Digital is vital, it is central, it is at the heart of so much the majority of us do.
But, as we know, that is not true for a significant, if dwindling, numbers of people. I believe it’s important that we help as many of these people as possible to realise the benefits from digital as the rest of us do. But I continue to be frustrated at the way many go about this.
Digital is vital, central and fun. Why then separate it off from the rest of life?
To an extent I am reiterating here, but maybe the message is not getting through. This is what I believe we need to do to make Digital Inclusion mainstream:
- stop separating it off from other activities. If you’re an agency that believes digitally including the people you work with is important, then demonstrate that. Don’t make it the responsibility of one person or one division. Your organisation needs to be imbued with digital, your staff need to be digitally skilled and enthusiastic about it, and they need to want to pass both the enthusiasm and the skills on. Have a look at Halton Housing’s Digital First programme.
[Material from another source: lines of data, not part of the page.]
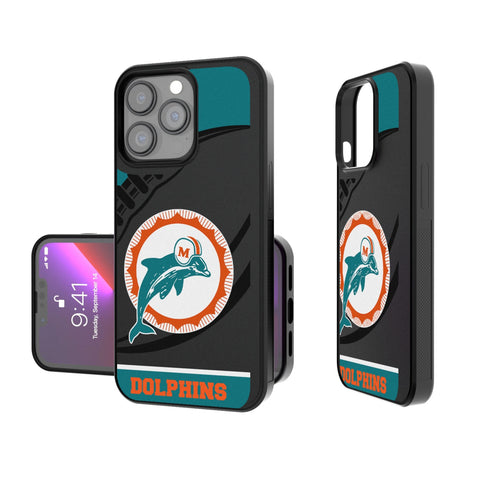 Miami Dolphins 1966-1973 Historic Collection Passtime Bump Phone Case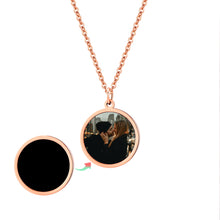 Load image into Gallery viewer, 感温方形项链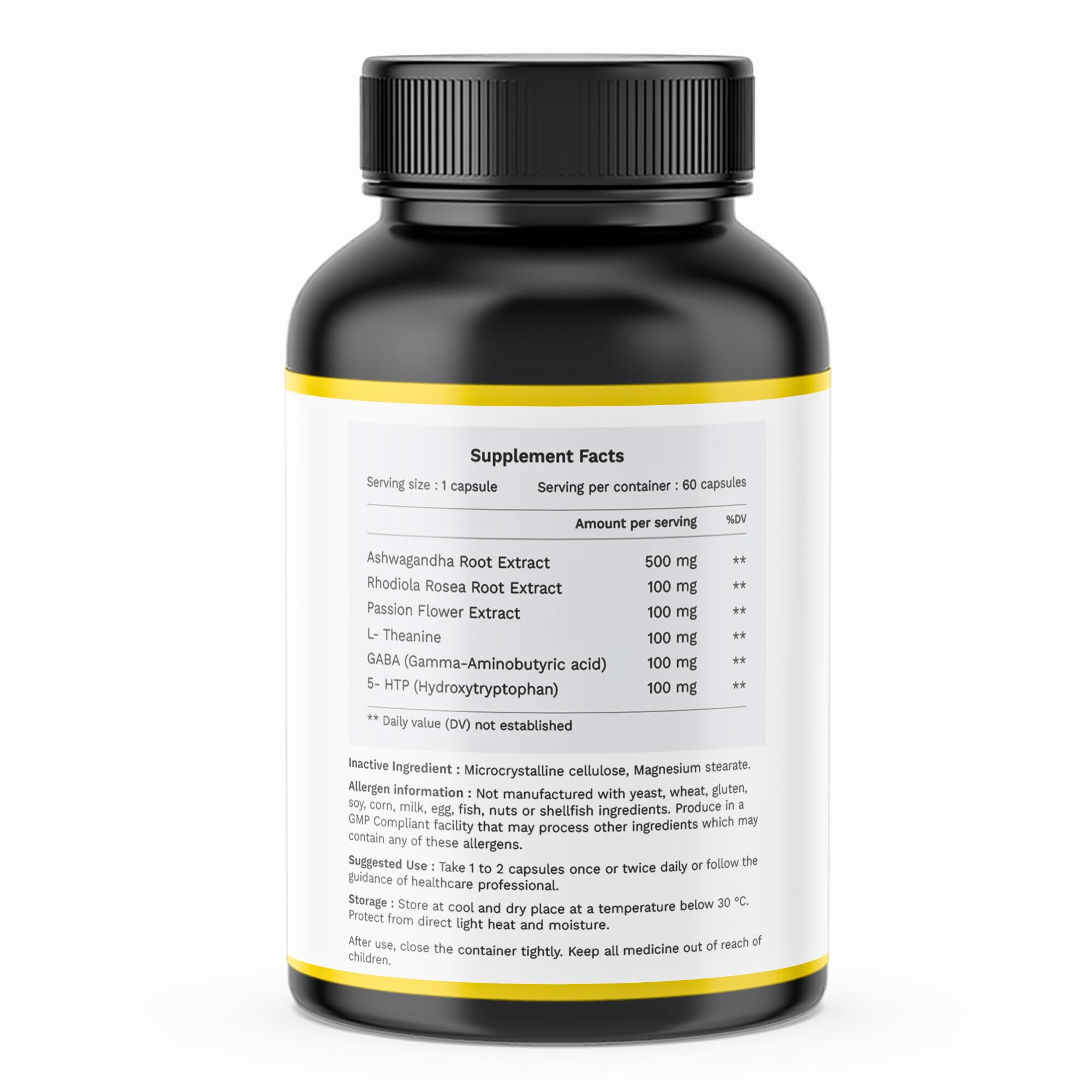 HEALPURE NUTRACEUTICAL Stress Care Capsules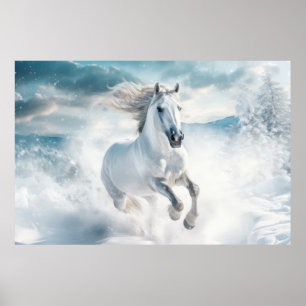 Affiche Horse Animal Wilderness Mur Art coloré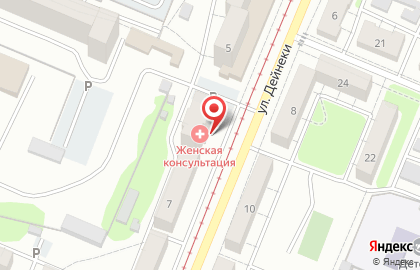 Курская городская женская консультация №7 на карте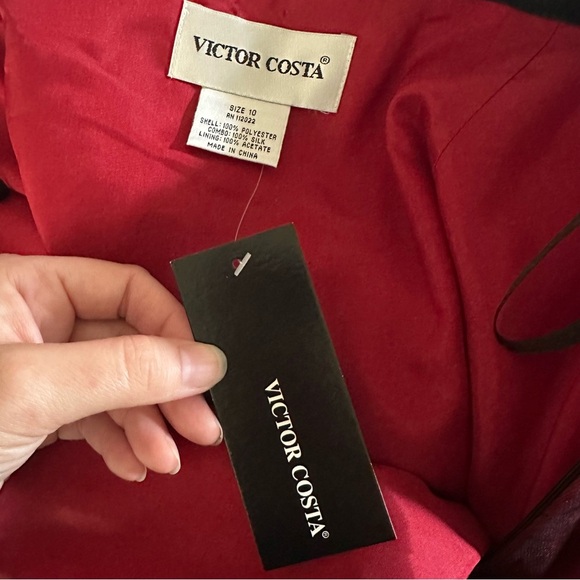 NWT Whimsigoth Skirt Y2K Women 10 Beaded Red Black Tulle Aline Dark Fairy Silk - Picture 12 of 13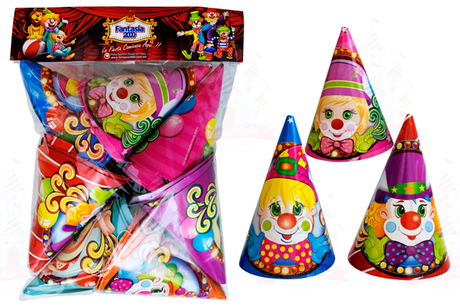 PAYASI GORROS 72/20 PZ FANTASIA - EL CASTILLO DEL DULCE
- most of us use digital for fun activities. People’s introduction should be fun, or of personal value, or, preferably both. Stop sitting people in front of computers (give them tablets instead) and making them fill forms in, or complete courses. Show them where the fun is, and where they can find information on their personal interests.
- go to where people are, don’t expect them to come to you. Stop putting all your digital inclusion resources in rooms that people have no reason to visit; go to where they are and want to be. Have a look at Leeds Federated Housing Association’s HUGO project.
- Digital Inclusion and community development should be aligned. Digital is so important to well-being and quality of life that I fail to understand how any community development strategy can be pursued which doesn’t put it at the centre. And the techniques of community development are vital to coaxing people to take their first steps in the digital world. Look at the work of Communities 2.0 in Wales.
- Digital Inclusion is not a one-off hit. People need continuing support. And this support is best received if it comes from people like them. We need many more volunteer digital mentors on the model of the Making IT Personal project.
Digital inclusion needs to be fun, integrated, and sustained. And it need not cost a fortune.